Comment saisir la subjectivité en action ? Il nous faut écarter tant la figure de l’individu assujetti par le Marché que celle de la personne socialement produite et subjectivée. Michel Agier propose de saisir le « sujet en situation » sans chercher quelque racine identitaire que ce soit aux processus observés. Car ce qui caractérise le sujet en action est justement sa capacité à s’émanciper de ces assignations. Il devient alors possible « de décrire un agir ou une politique du sujet qui existe pendant le temps que dure et dans l’espace que couvre la situation » (p. 92).

La thèse est radicale : c’est quand ils se détachent de leur condition sociale et d’une identité assignée que des « gens » « se mettent à exister comme sujet dans un espace et dans une situation donnée » (p. 201). Elle est pourtant très opératoire dans les situations contemporaines devant lesquelles les sciences sociales sont souvent en difficulté, situations que, curieusement, l’auteur ne convoque pas : celles des émeutes et soulèvements de ces dernières années. On regrette alors que le livre s’achève sur ces pistes si suggestives (notamment celle du rôle de la performance dans la prise de parole) qui portent certainement au-delà de la proposition conclusive sur la « condition cosmopolite ».
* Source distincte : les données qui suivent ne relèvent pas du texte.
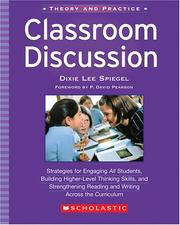 Cover of: Classroom Discussion by Dixie Lee Spiegel, Dixie Lee Spiegel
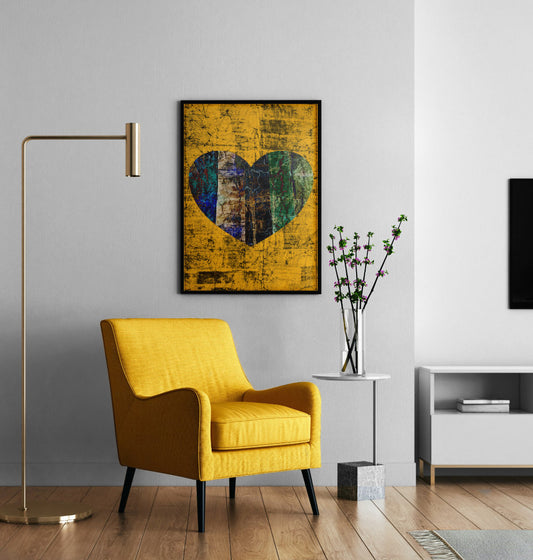 Melted Heart- Giclée Print
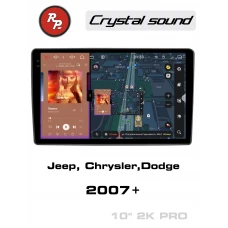 Автомагнитола RedPower 85216SPRO для Jeep, Chrysler, Dodge (2007+) серебро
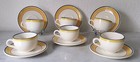 6x Kaffeegedeck Teetassen Untertassen Tassen Alexia Düsseldorf Keramik blau gelb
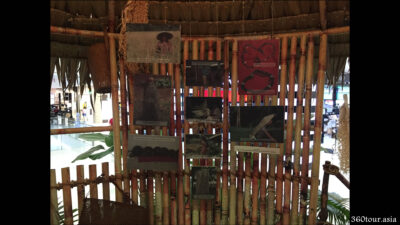 Photographs display of activities and tools by the Bidayuh Community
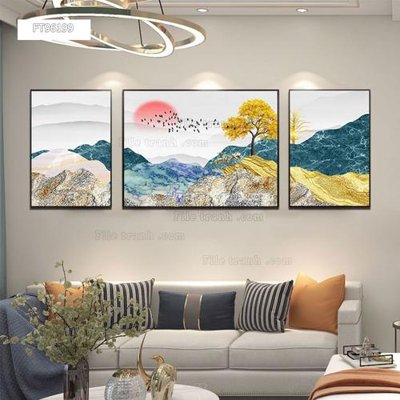 File tranh Tranh treo pha lê gương FT96199 (file gốc) chủ đề phong thủy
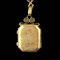 Napoleon III French Rectangular Gold Locket 4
Car « la condition cosmopolite » laisse ouvertes des questions qui surgissent quand cette démarche est mise en œuvre, à commencer par celle du statut du savoir : celle du savant comme celle des acteurs de la situation dans laquelle il s’est plongé. De plus, lorsque ces situations sont choisies pour leur localisation en marge et pour leur capacité à donner à voir l’à-venir, se pose aussi la question de la responsabilité du « compte à rendre » de cette situation d’enquête : à qui, pour qui, pour quoi ? L’écriture ne répond pas seulement à une exigence de vérité mais aussi à une éthique de la responsabilité.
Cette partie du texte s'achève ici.